• [Dataset entries]

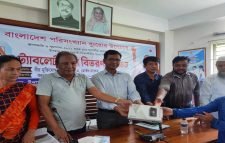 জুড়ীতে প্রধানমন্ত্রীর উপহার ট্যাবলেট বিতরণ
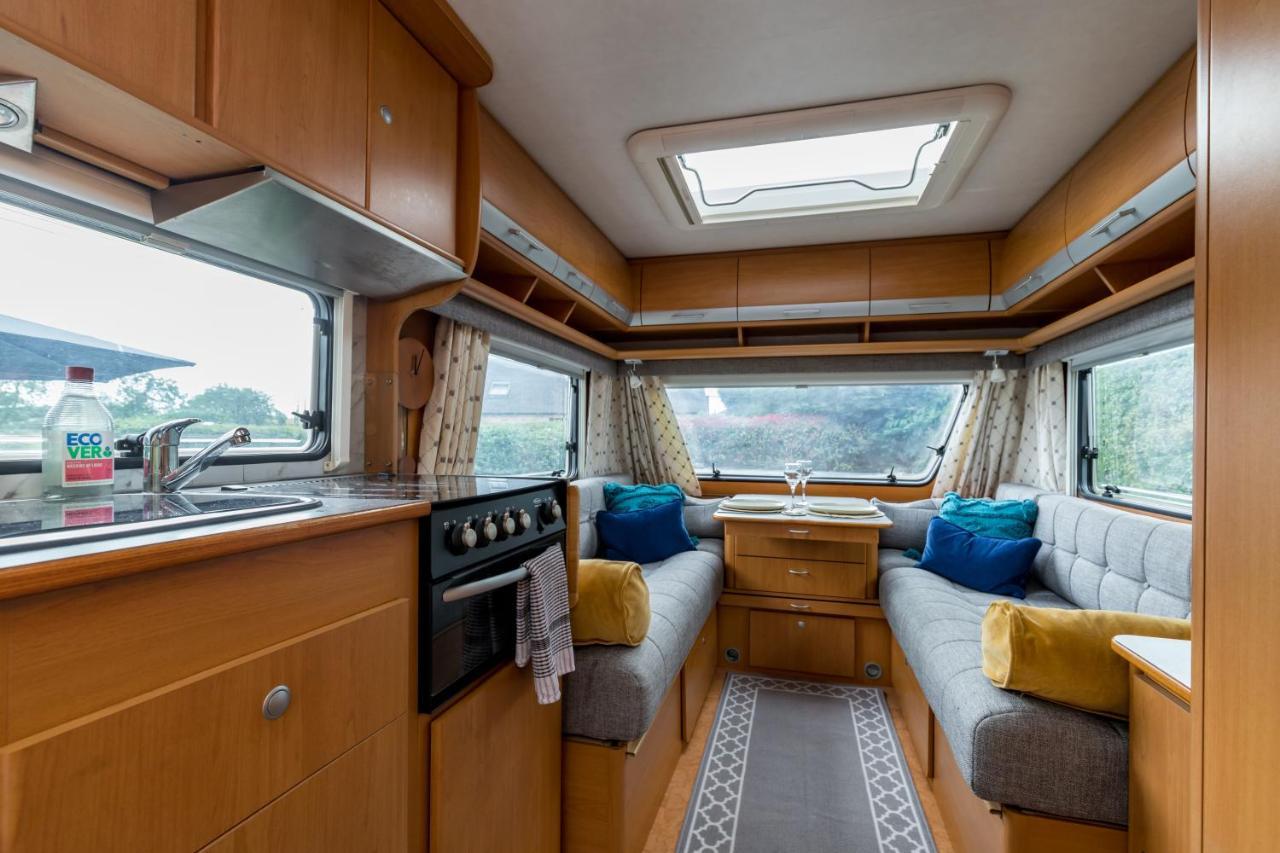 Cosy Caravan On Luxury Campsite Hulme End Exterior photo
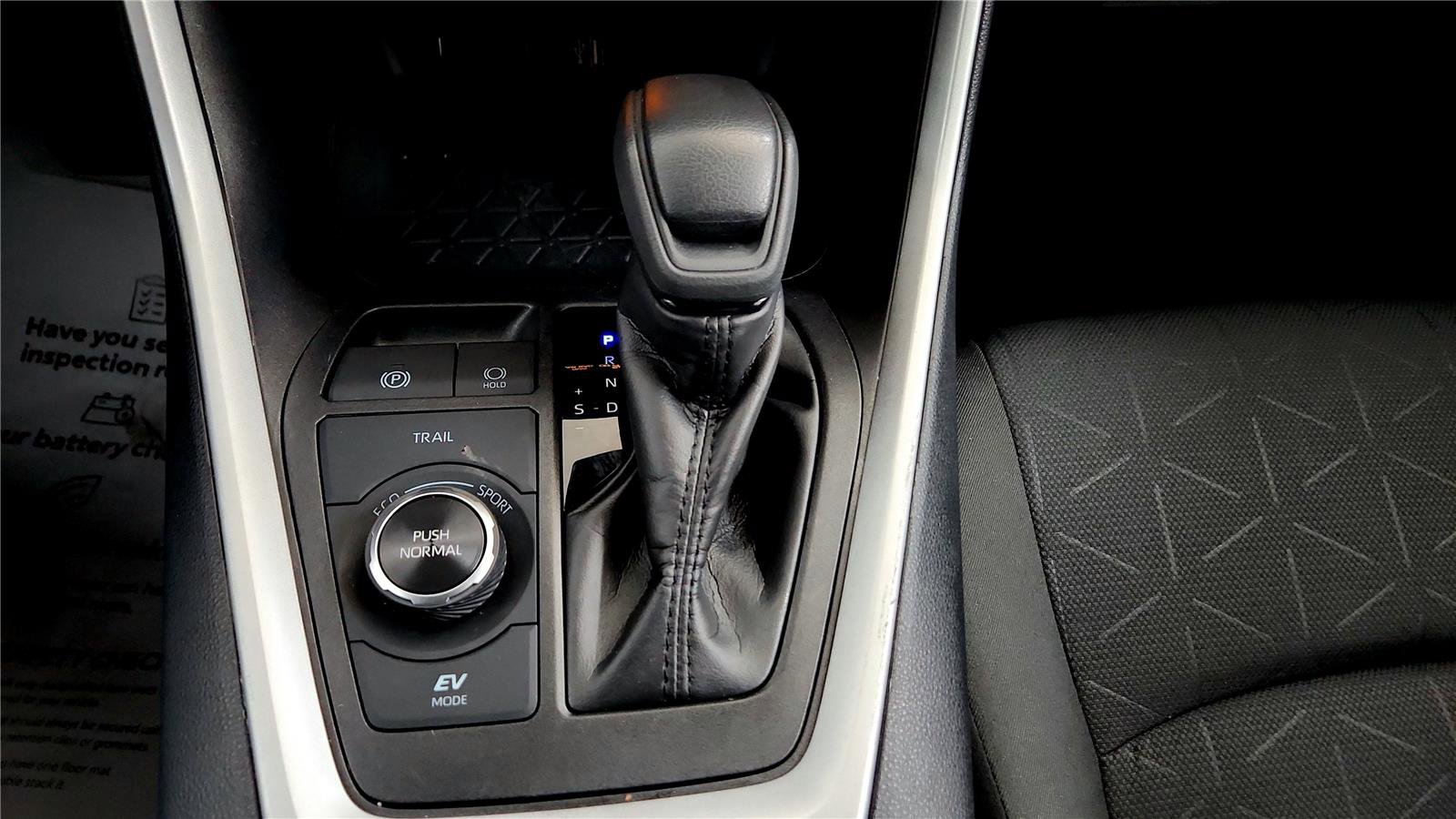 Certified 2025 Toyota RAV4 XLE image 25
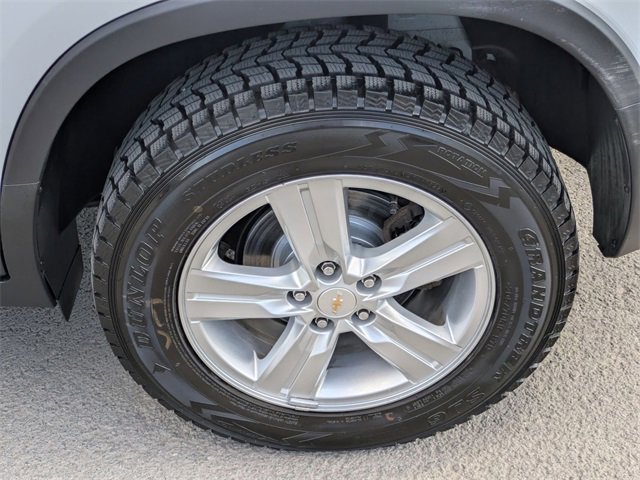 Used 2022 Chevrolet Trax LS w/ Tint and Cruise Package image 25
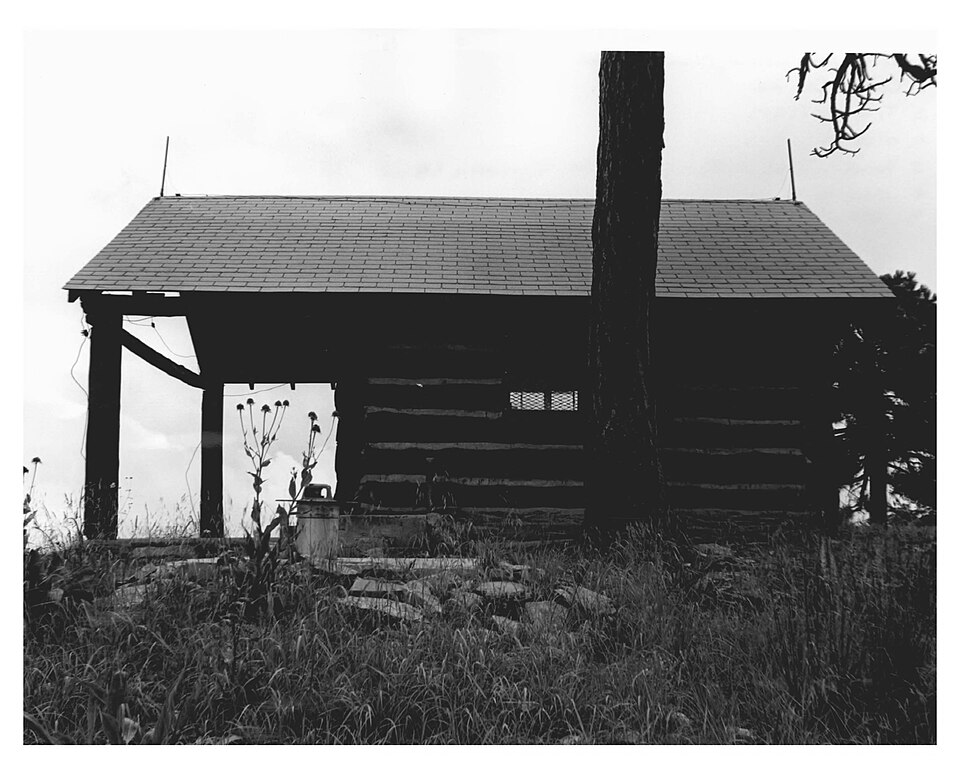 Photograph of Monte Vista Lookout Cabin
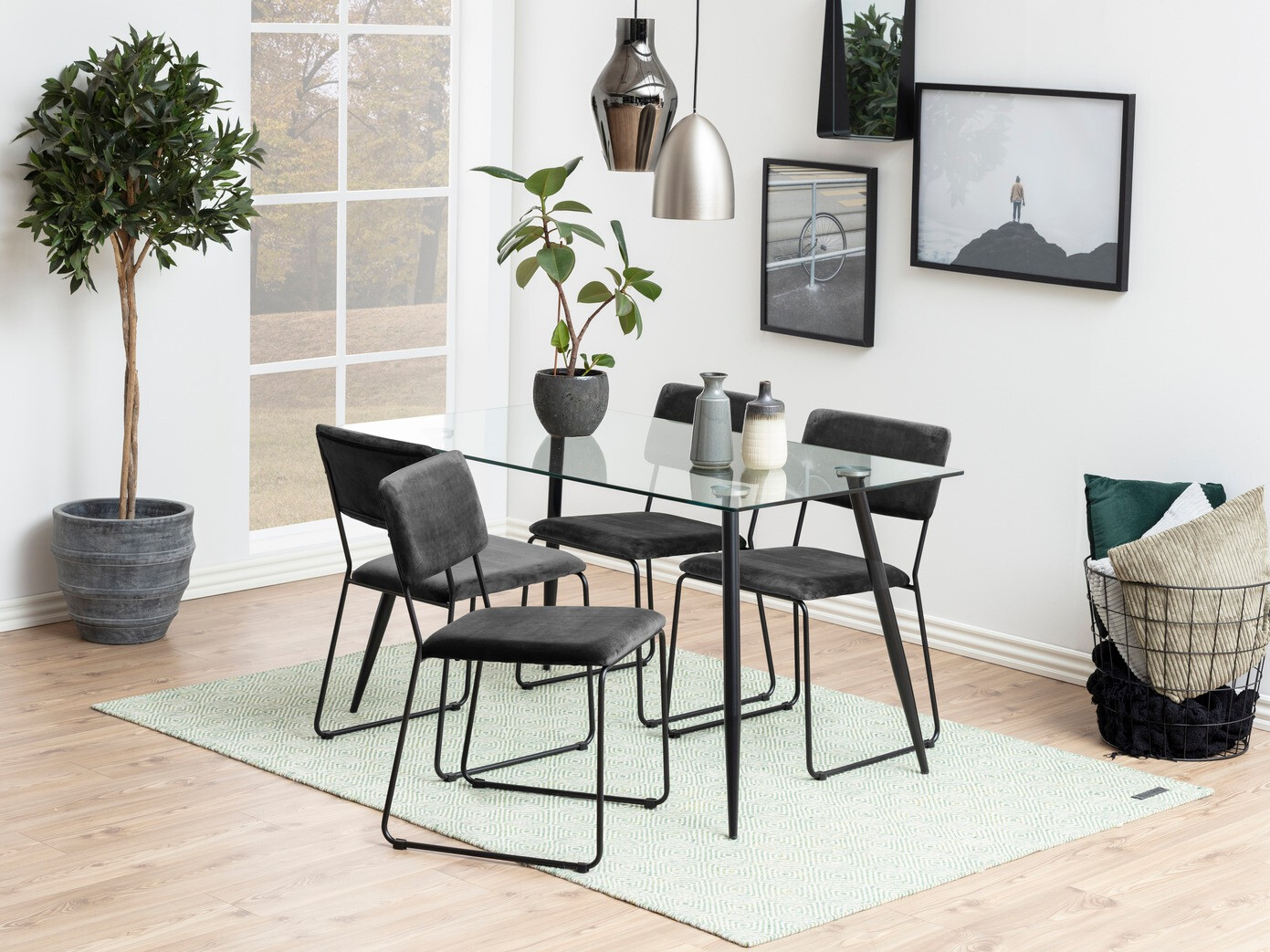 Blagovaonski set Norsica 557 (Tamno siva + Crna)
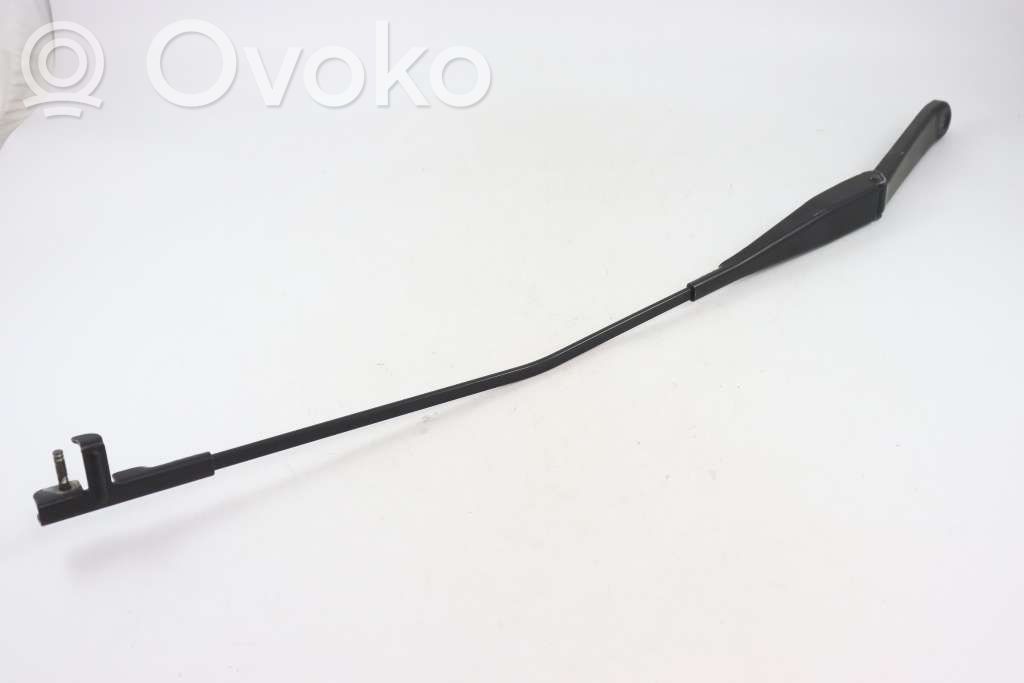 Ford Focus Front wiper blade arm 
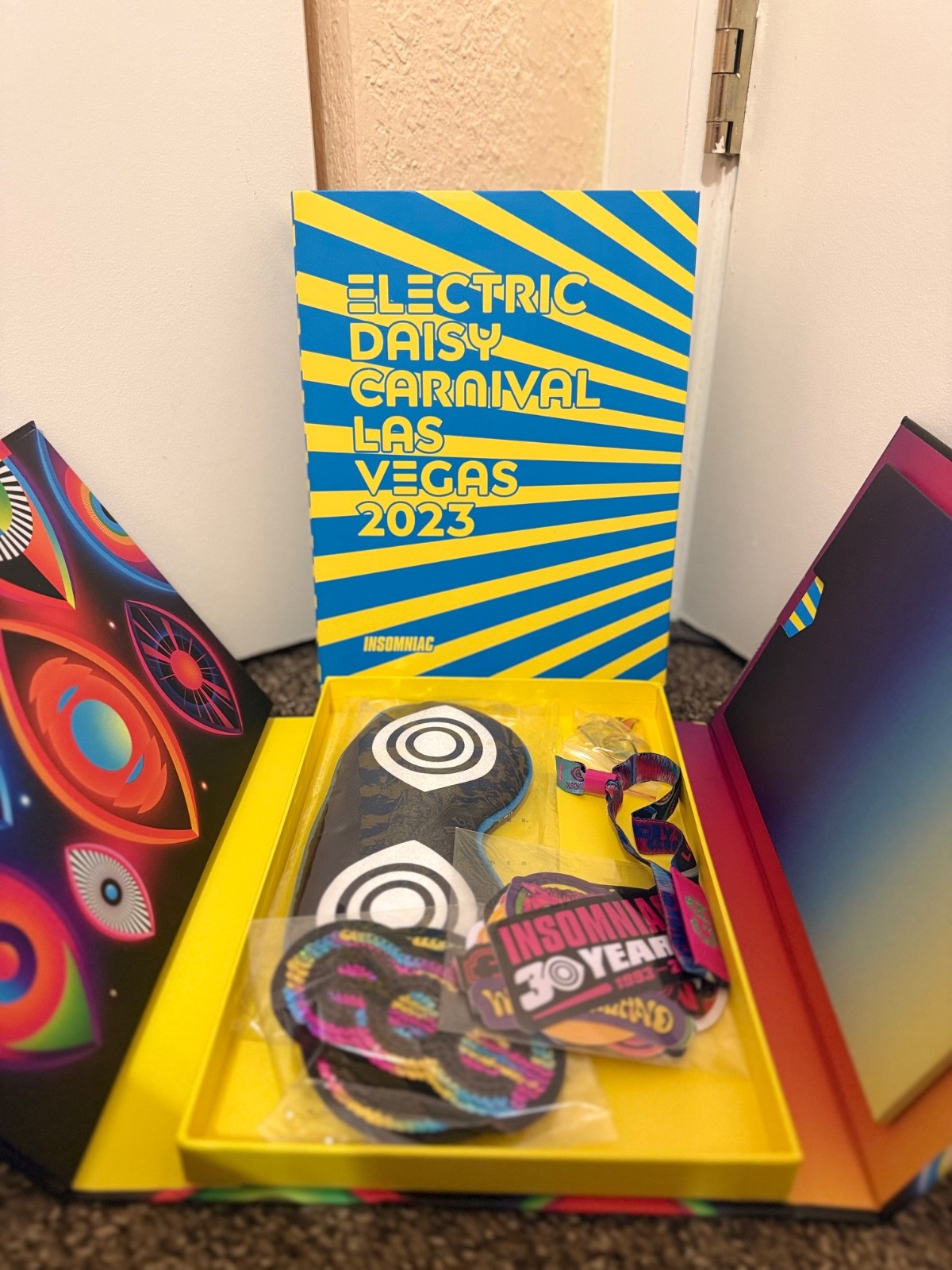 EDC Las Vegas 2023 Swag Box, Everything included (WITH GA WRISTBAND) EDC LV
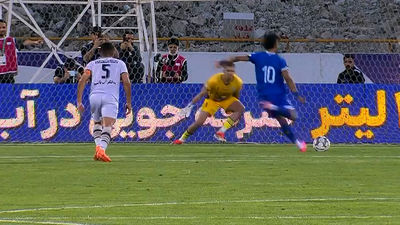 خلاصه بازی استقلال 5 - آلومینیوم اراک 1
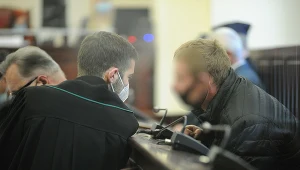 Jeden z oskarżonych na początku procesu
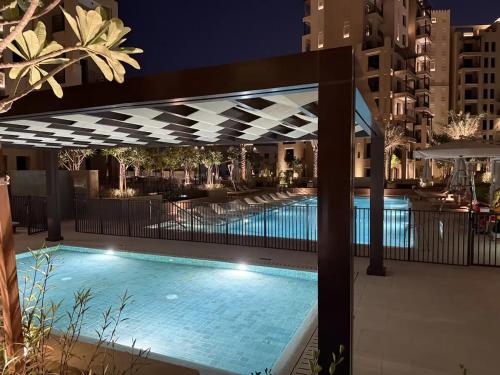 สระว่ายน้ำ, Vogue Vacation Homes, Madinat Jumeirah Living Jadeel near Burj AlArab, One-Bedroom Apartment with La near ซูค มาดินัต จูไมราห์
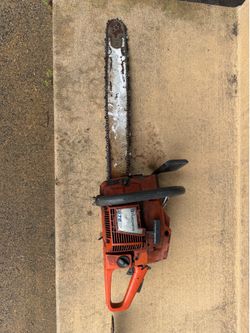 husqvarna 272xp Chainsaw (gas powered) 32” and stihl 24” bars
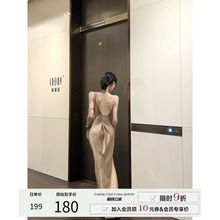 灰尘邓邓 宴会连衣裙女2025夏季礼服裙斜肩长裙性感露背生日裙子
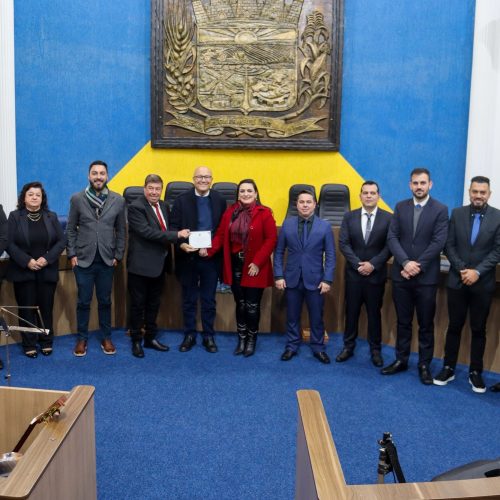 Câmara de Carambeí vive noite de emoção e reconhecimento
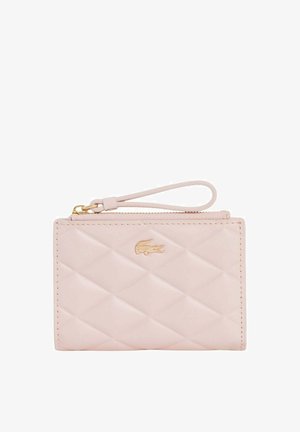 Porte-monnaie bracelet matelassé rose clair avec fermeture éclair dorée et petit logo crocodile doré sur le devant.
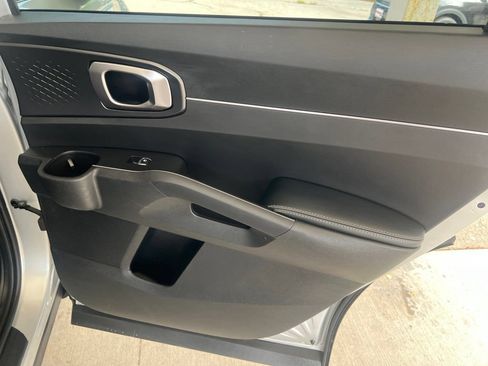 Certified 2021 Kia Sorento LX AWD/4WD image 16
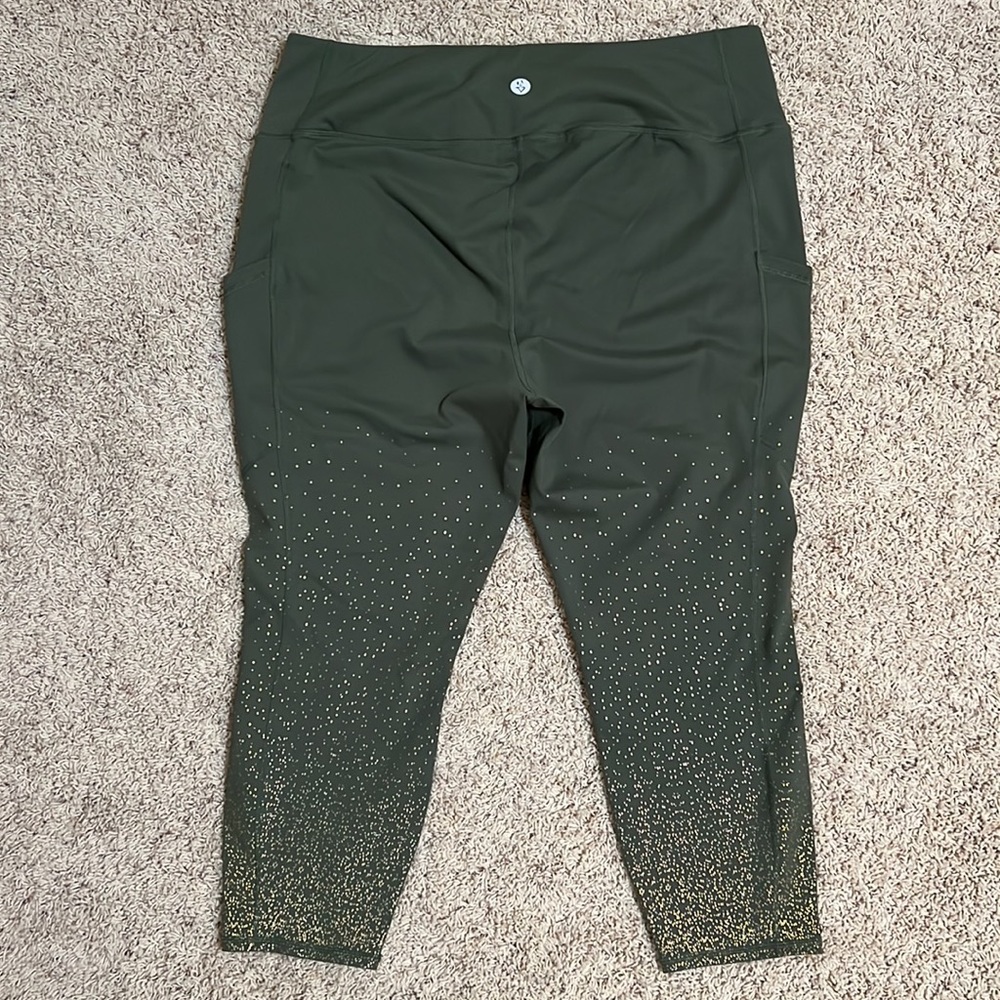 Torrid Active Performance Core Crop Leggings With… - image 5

• [Work to be completed] Could you write out the records again exactly, omitting each image?

• [Result for this exercise]
 জুড়ীতে প্রধানমন্ত্রীর উপহার ট্যাবলেট বিতরণ
 Cosy Caravan On Luxury Campsite Hulme End Exterior photo
 Certified 2025 Toyota RAV4 XLE image 25
 Used 2022 Chevrolet Trax LS w/ Tint and Cruise Package image 25
 Photograph of Monte Vista Lookout Cabin
 Blagovaonski set Norsica 557 (Tamno siva + Crna)
 Ford Focus Front wiper blade arm 
 EDC Las Vegas 2023 Swag Box, Everything included (WITH GA WRISTBAND) EDC LV
 خلاصه بازی استقلال 5 - آلومینیوم اراک 1
 Jeden z oskarżonych na początku procesu
 สระว่ายน้ำ, Vogue Vacation Homes, Madinat Jumeirah Living Jadeel near Burj AlArab, One-Bedroom Apartment with La near ซูค มาดินัต จูไมราห์
 husqvarna 272xp Chainsaw (gas powered) 32” and stihl 24” bars
 灰尘邓邓 宴会连衣裙女2025夏季礼服裙斜肩长裙性感露背生日裙子
 Câmara de Carambeí vive noite de emoção e reconhecimento
 Porte-monnaie bracelet matelassé rose clair avec fermeture éclair dorée et petit logo crocodile doré sur le devant.
 Certified 2021 Kia Sorento LX AWD/4WD image 16
 Torrid Active Performance Core Crop Leggings With… - image 5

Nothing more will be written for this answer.